I have always thought that smaller public libraries take a more Minnesota Twins approach to hiring librarians. Not able to offer the highest salaries, smaller libraries tend to choose recent library school graduates (fresh from their farm teams) and put them in the lineup. They then field questions at the reference desk and go to bat for the libraries to order books, plan events, and design websites. These rookies bring a lot of excitement into the smaller libraries and develop a strong fan following.

After a few years, these librarians elect to become free agents and hire themselves to new teams at higher salaries. Larger libraries, like the New York Yankees, are always looking for veteran players who excel in the game. These institutions accumulate the stars, the heavy hitters, the gold glove librarians who will make few errors.

It was suggested to me recently that this thinking is all wrong and that new librarians should start with the big libraries and that the smaller libraries need the veterans. New librarians need the mentors and the greater resources available in the big libraries. In small libraries, where a librarian may often be alone without another professional on deck, a veteran will know what to do in difficult situations and need few reference tools because she will know how to get the answers from what she has on hand.

This challenge has made me look around, and I see that both philosophies are in practice. Recent graduates go to both small and large libraries. They learn a lot when they are the only players on the field, or they benefit from being with vets in a full lineup. Veteran librarians are sometimes moving to smaller libraries where they may be more comfortable than in large organizations. Sadly, no one is throwing money around like the Yankees.

Ironically, when I think about my career, I realize that I actually started at a fairly large library and then moved to a small library. Subsequently I worked for a big organization and then a small one again. I will take my bat and glove wherever I am needed.

Few of us are like Craig Biggio, Kirby Puckett, or Robin Yount, staying with one team. Most of us aspire to be Don Baylor or Nolan Ryan, starring for several libraries.

Put me in coach! Let's play two!

2 comments:

Anonymous said...

It seems like this can all depend. If there is a veteran at a small library who is willing to take a new librarian under his/her wing, a smaller place could be very beneficial. You wouldn't necessarily get lost in the shuffle and your ideas are more likely to be accepted if you are willing to do the work to realize them.

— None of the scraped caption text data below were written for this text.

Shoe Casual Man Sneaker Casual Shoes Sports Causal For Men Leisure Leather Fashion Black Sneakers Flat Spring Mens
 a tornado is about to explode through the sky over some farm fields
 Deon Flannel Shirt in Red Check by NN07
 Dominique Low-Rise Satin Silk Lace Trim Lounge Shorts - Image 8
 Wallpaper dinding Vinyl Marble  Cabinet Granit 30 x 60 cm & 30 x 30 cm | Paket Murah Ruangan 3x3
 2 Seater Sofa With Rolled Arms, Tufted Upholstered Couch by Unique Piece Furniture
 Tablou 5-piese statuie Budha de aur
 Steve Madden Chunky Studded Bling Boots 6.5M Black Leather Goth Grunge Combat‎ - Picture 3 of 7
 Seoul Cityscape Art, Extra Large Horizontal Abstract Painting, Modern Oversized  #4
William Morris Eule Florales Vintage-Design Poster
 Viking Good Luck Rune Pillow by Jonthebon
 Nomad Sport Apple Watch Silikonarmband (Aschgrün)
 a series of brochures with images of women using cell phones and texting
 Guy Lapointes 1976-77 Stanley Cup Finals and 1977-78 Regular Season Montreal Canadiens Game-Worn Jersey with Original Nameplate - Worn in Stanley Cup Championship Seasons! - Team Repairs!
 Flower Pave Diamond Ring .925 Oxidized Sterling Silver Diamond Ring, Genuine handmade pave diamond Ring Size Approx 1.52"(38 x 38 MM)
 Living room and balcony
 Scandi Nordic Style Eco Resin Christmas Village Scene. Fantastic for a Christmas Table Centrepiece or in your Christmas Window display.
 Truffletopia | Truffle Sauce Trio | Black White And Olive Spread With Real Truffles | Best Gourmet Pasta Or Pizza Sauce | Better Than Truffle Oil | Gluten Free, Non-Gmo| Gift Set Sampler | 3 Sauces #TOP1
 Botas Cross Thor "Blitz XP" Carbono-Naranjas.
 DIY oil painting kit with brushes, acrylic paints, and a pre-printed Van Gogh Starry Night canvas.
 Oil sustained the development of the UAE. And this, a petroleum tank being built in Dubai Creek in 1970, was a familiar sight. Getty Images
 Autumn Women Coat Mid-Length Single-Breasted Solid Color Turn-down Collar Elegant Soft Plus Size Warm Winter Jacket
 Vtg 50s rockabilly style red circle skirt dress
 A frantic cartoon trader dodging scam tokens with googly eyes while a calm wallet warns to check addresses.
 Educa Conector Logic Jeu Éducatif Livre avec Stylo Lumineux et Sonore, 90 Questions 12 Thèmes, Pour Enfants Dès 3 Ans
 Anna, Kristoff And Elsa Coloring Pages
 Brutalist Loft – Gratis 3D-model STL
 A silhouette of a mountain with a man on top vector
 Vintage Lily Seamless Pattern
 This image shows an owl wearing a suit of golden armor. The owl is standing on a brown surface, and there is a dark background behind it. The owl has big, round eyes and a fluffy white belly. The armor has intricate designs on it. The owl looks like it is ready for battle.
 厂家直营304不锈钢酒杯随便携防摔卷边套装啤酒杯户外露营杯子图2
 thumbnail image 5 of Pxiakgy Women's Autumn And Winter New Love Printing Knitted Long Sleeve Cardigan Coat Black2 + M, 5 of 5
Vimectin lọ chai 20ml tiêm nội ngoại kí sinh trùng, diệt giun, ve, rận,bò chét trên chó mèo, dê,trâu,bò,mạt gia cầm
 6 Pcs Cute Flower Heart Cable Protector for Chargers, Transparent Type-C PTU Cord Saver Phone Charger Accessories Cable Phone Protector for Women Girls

Before I started library school, I was at a small library. Considering how I was treated there and how the "professional" librarians acted, it's actually a wonder that I stuck with the program. After graduating, I ended up at a large university library where I was so far down on the totem pole my job title might as well have been peon. Then I moved to a mid-sized university and find that there are more opportunities although I'm still having to fight a fair bit to be able to try new things. However, I think I'll reach a point where that won't happen as much. So, I think it's just going to depend on the type of people where you end up and the overall organizational philosophy.

Meredith said...

I work at a small academic library and definitely find it to be a blessing and a curse. On the one hand, I get to do a little bit of everything since there are so few staff members. On the other hand, I've had no real mentoring or training because no one has time to focus on that (I see the same happening with my new colleague who is eager to learn more about doing effective instruction, but, here, he's only going to learn it from his own experience and books).

I don't think there is any perfect career route for a new librarian; each one has its positives and negatives. In terms of finding a second job, I'm happy that I have such a diverse array of skills and experience to put on my resume. But I would have loved to have a mentor here when I was just starting out.